DEUS E O DRAGÃO
Suponhamos que você
seja cristão ou religioso de alguma forma, e que eu alegue que, na minha
garagem, eu mantenho um dragão de estimação invisível e indetectável
por nenhum instrumento e por nenhum dos cinco sentidos básicos humanos. Mesmo
tentando demonstrar uma certa empatia para comigo, você se mostrará extremamente
cético em relação ao meu dragão de estimação, me questionando com total
legitimidade sobre “como é que eu sei que o meu dragão existe.” Então eu digo
que você precisa ter fé para poder acreditar no meu dragão. E, para tentar
persuadi-lo ainda mais, afirmo que, se você acreditar no meu dragão e rezar para
ele todas as noites, quando morrer você será recompensado com uma maravilhosa
vida eterna num paraíso mágico imaterial. Mas, se por outro lado, você não
conseguir acreditar no meu dragão, então ele o castigará queimando-o para sempre
num inferno de fogo, sem que com isso seu corpo se consuma, pois o que será
queimado é a sua alma e não seu corpo. Embora não expresse verbalmente de
maneira ofensiva, por uma questão de educação e amizade, provavelmente você
estará “pensando por dentro” que a simples ideia de um dragão de estimação
invisível morando na minha garagem é absurdamente ridícula, ingênua e infantil,
e que eu pareço um perfeito idiota por fazer alegações tão desprovidas de
qualquer evidência científica e racional ou que faça algum sentido.

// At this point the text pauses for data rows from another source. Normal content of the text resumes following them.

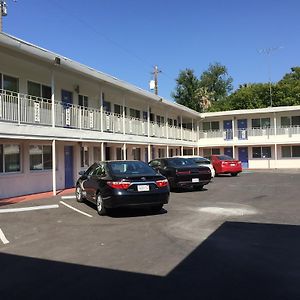 Travelodge By Wyndham Sacramento Convention Center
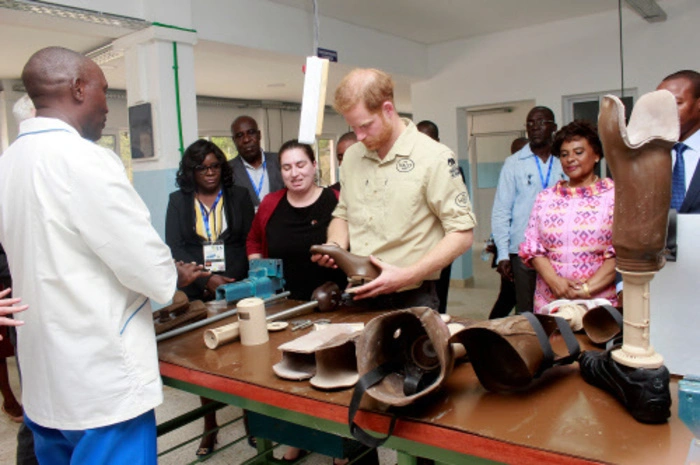Im nach seiner Mutter benannten "Princess Diana Orthopaedic Centre" in Huambo, Angola, sah er sich Prothesen an.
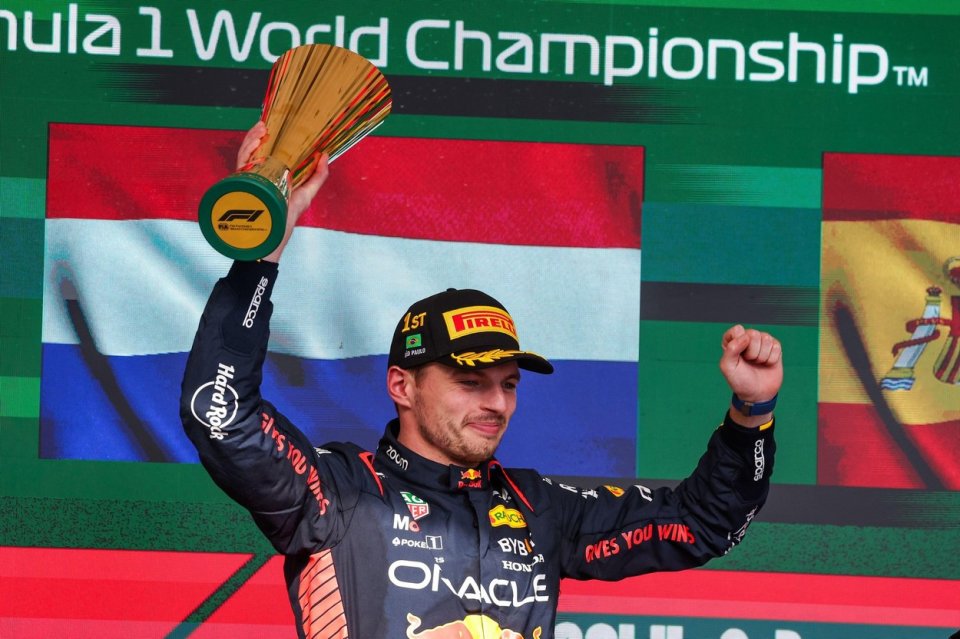 Max Verstappen, Red Bull Racing RB19, câștigătorul Marelui Premiu de Formula 1 al Braziliei, 5 noiembrie 2023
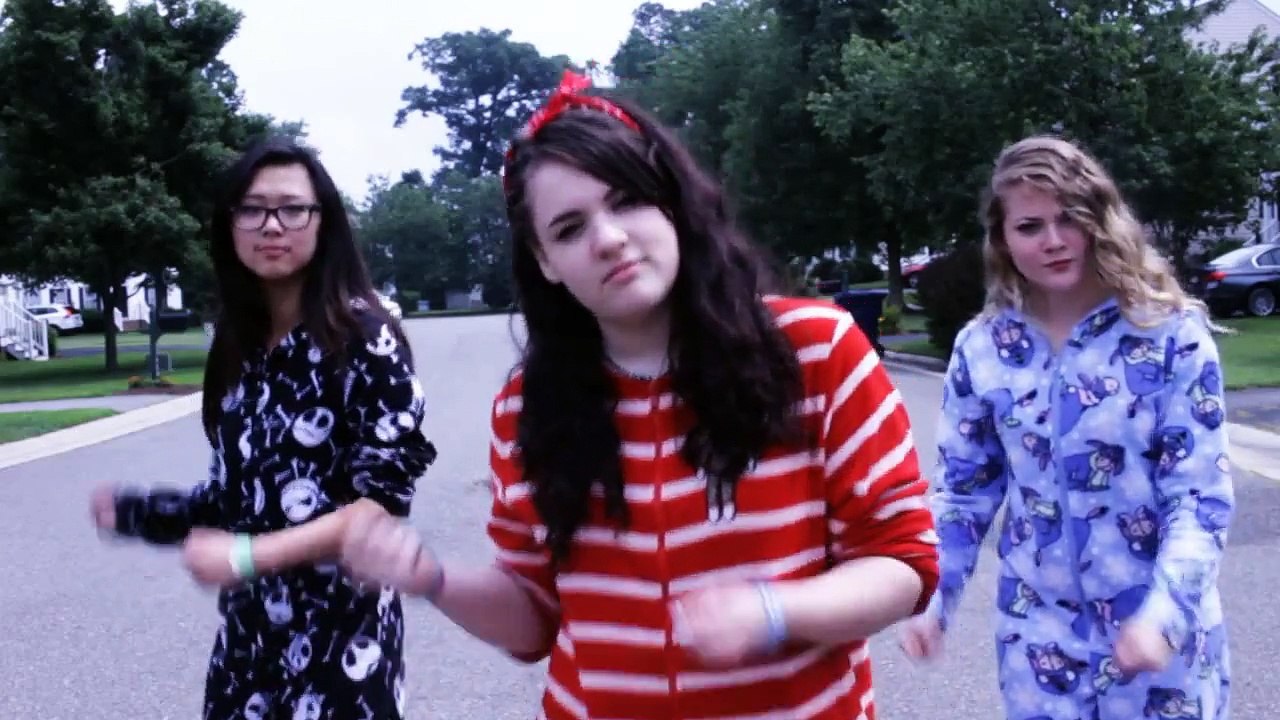 Stressed Out - Twenty One Pilots Music Video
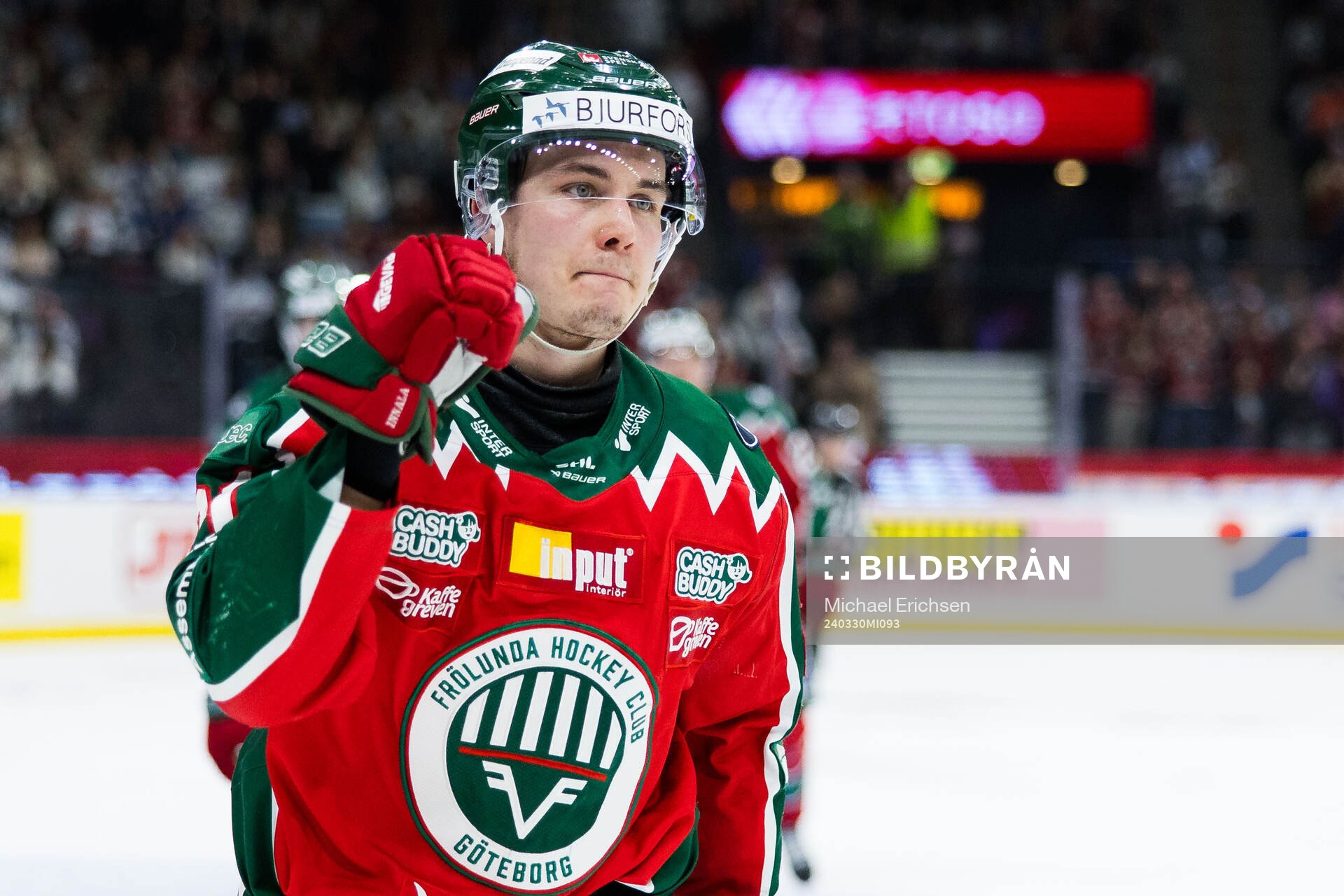 Frölundas Jere Innala jublar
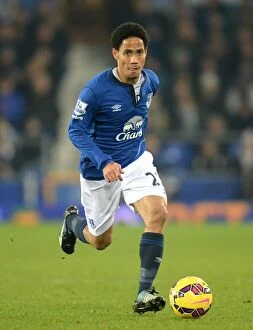 Images Dated 3rd December 2014: Steven Pienaar in Action: Everton vs Hull City, Barclays Premier League at Goodison Park
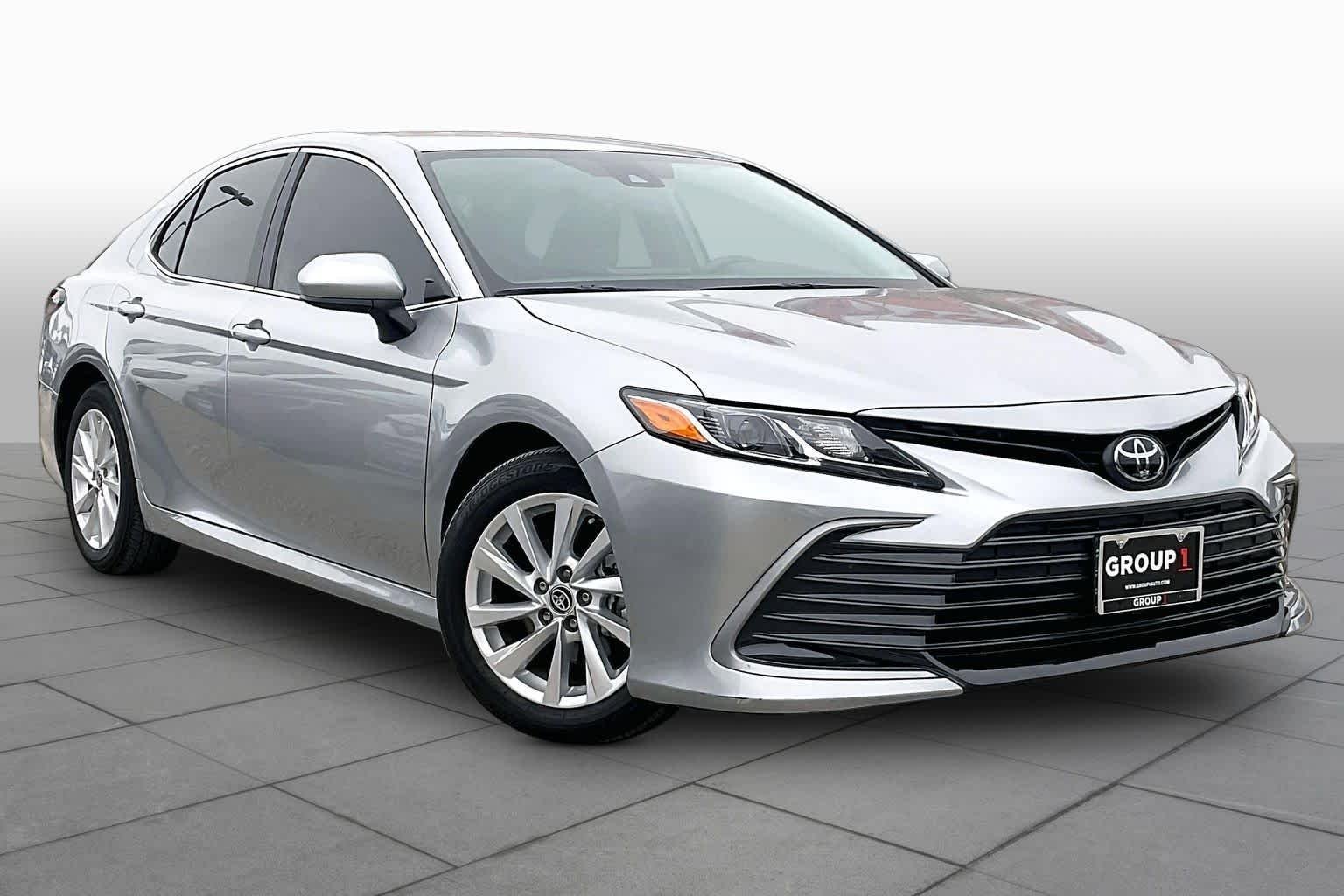 Used 2024 Toyota Camry LE FWD image 3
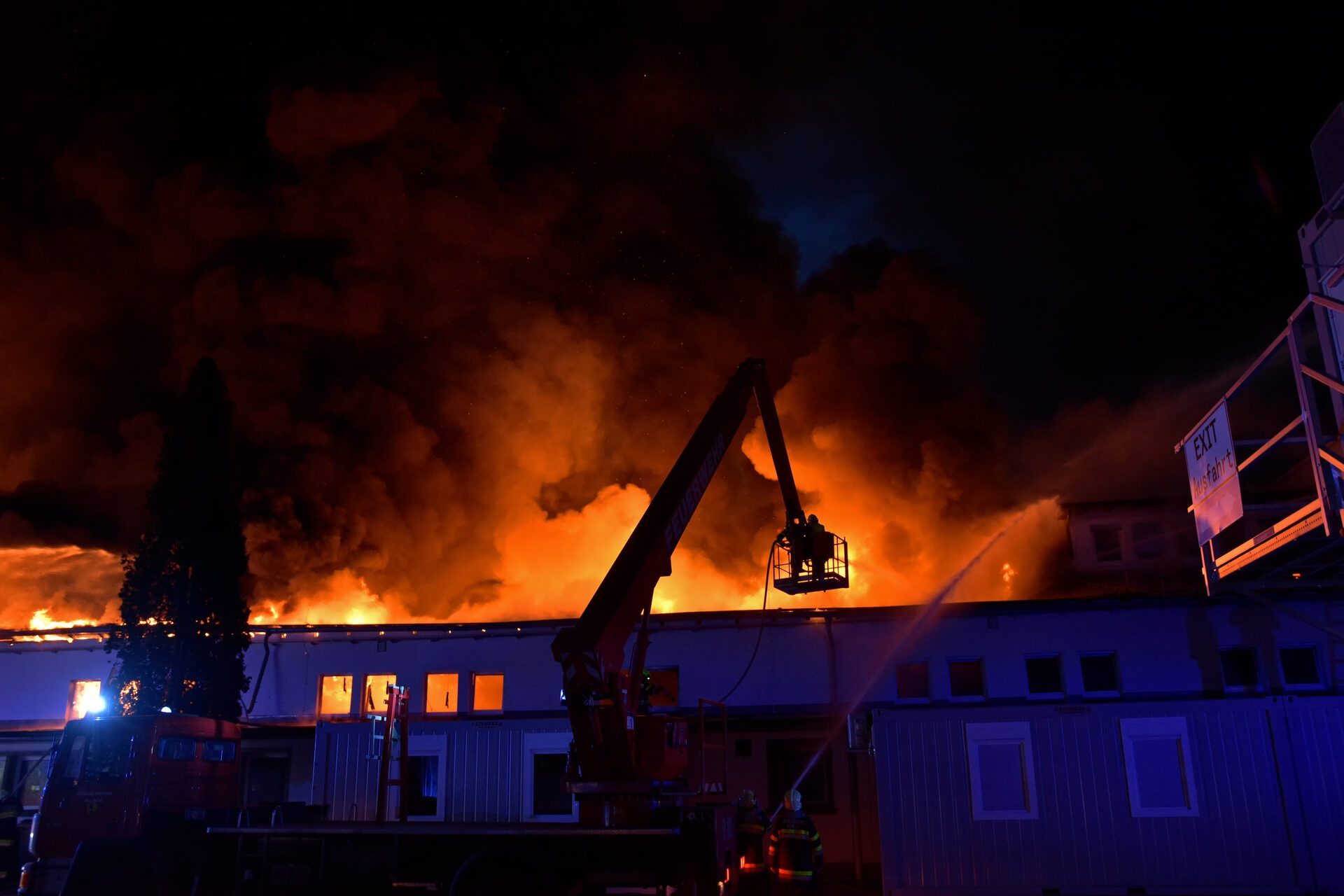 Brandbek&auml;mpfung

Nesse
momento, percebendo por intuição o que você estará pensando, eu me viro para
você e calmamente lhe pergunto: “Como é que você ‘sabe’ que Deus existe?” Ou
melhor, refazendo a pergunta, como é que você consegue acreditar na existência
do “seu” Deus, tendo a sua disposição a alegação da existência de milhares de
outros deuses? Muito provavelmente você me dirá que eu preciso ter fé para
acreditar que Deus existe, especialmente o Deus da Bíblia, o único que
verdadeiramente existe, segundo a hipótese cristã! Você consegue perceber? Você
se mostra extremamente cético em relação ao meu dragão ou mesmo com relação aos
demais deuses, mas orgulhosamente se mostra totalmente convencido da existência
do “seu” Deus, sem considerar que todos eles indistintamente não comportam
qualquer outra evidência além do simples desejo de que eles existam. Ao
contrário do que você “pensou” a meu respeito quando aleguei a existência do meu
dragão, eu jamais pensaria que você é um perfeito idiota por acreditar num Deus
absurdamente ridículo, ingênuo e infantil, uma vez que você tão somente está
perpetrando a crença num deus imaginário que lhe foi insistente e cuidadosamente
ensinado desde criança. Ou será que você olhou a natureza a sua volta e, sem que
ninguém o dissesse, simplesmente concluiu que existe um deus?! No entanto, serei
forçado a cogitar seriamente a possibilidade de você ser um perfeito idiota se,
mesmo depois de tudo o que eu disse até aqui, você sequer considerar a menor
possibilidade de Deus não existir, ou de Ele existir apenas na sua cabeça, assim
como todos os demais deuses e exatamente como o “meu” dragão na minha garagem!